Partenariat avec Facebook, préparation de spectacles permanents en Chine, à New York et à Londres, nouvelle filiale d'événements «sur mesure»: le Cirque du Soleil accélère la cadence depuis son rachat par des intérêts étrangers, il y a trois mois. Daniel Lamarre, le grand patron du Cirque, fait le bilan pour la première fois depuis cette mégatransaction.

Un mois après l'annonce d'un premier spectacle permanent en Chine, le Cirque du Soleil a déjà été pressenti par une demi-douzaine d'autres villes chinoises. La troupe québécoise envisage même de «dupliquer» d'anciens spectacles pour répondre à cette demande effrénée, une première dans son histoire.

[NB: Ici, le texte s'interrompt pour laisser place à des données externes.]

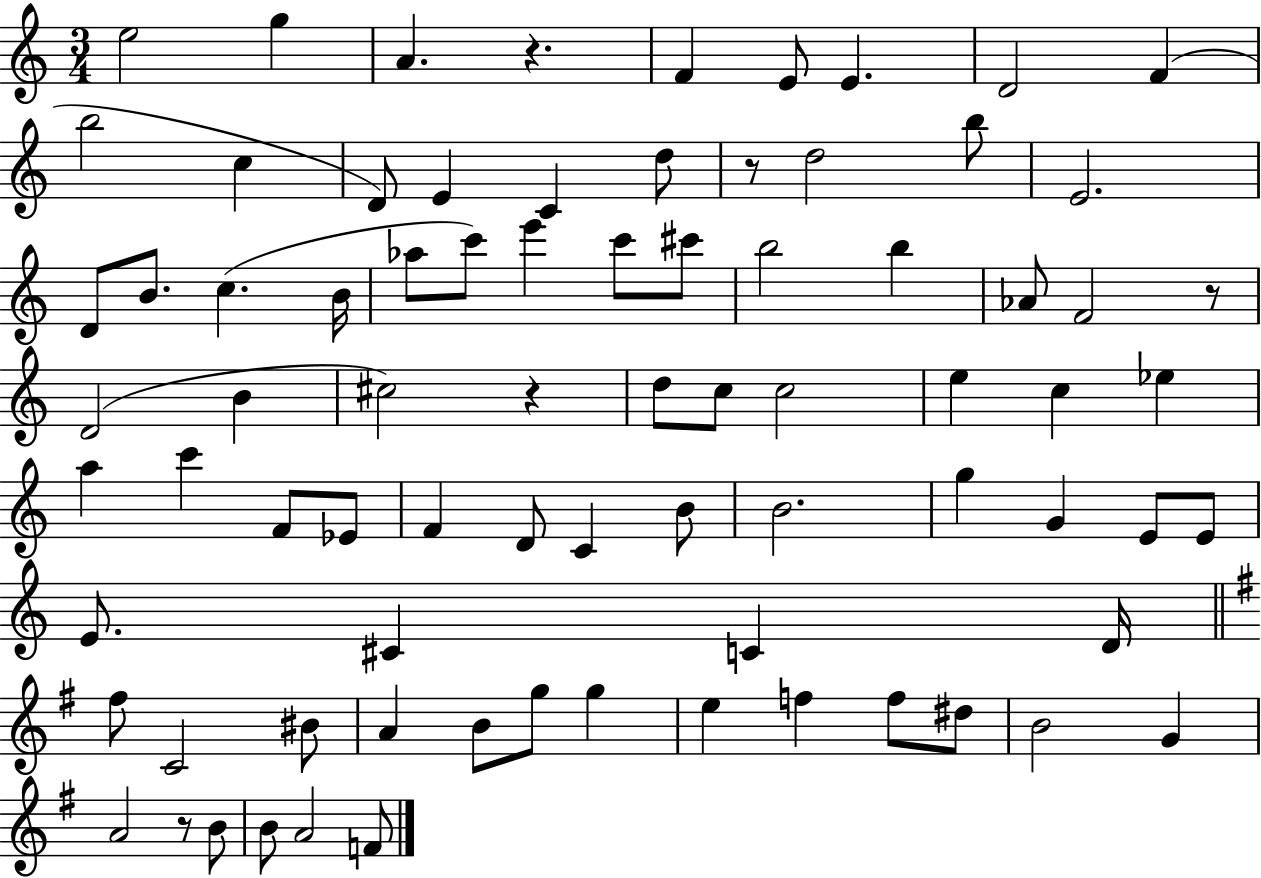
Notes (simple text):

E5/h G5/q A4/q. R/q. F4/q E4/e E4/q. D4/h F4/q B5/h C5/q D4/e E4/q C4/q D5/e R/e D5/h B5/e E4/h. D4/e B4/e. C5/q. B4/s Ab5/e C6/e E6/q C6/e C#6/e B5/h B5/q Ab4/e F4/h R/e D4/h B4/q C#5/h R/q D5/e C5/e C5/h E5/q C5/q Eb5/q A5/q C6/q F4/e Eb4/e F4/q D4/e C4/q B4/e B4/h. G5/q G4/q E4/e E4/e E4/e. C#4/q C4/q D4/s F#5/e C4/h BIS4/e A4/q B4/e G5/e G5/q E5/q F5/q F5/e D#5/e B4/h G4/q A4/h R/e B4/e B4/e A4/h F4/e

«Sur Broadway, quand tu as un succès, tu multiplies tes succès, a indiqué Daniel Lamarre, président et chef de la direction du Cirque, en entrevue à La Presse Affaires. Si tu fais Lion King, tu peux avoir six versions. Nous, on a eu d'énormes succès et on veut voir s'il n'y a pas une façon de faire en Chine une duplication de nos grands succès.»

Le Cirque n'avait jamais envisagé de recycler d'anciens spectacles depuis sa création en 1984. Mais la donne a changé en avril dernier lorsqu'un consortium formé du fonds d'investissement américain TPG et du géant chinois Fosun a racheté la majorité du groupe québécois, une transaction évaluée à 1,5 milliard US.

«Nous ne voulions pas le faire à l'époque [reprendre des spectacles], mais aujourd'hui, dans notre nouvelle stratégie d'affaires, c'est quelque chose qu'on veut regarder», a résumé M. Lamarre, qui accordait sa première entrevue-bilan depuis la vente du Cirque.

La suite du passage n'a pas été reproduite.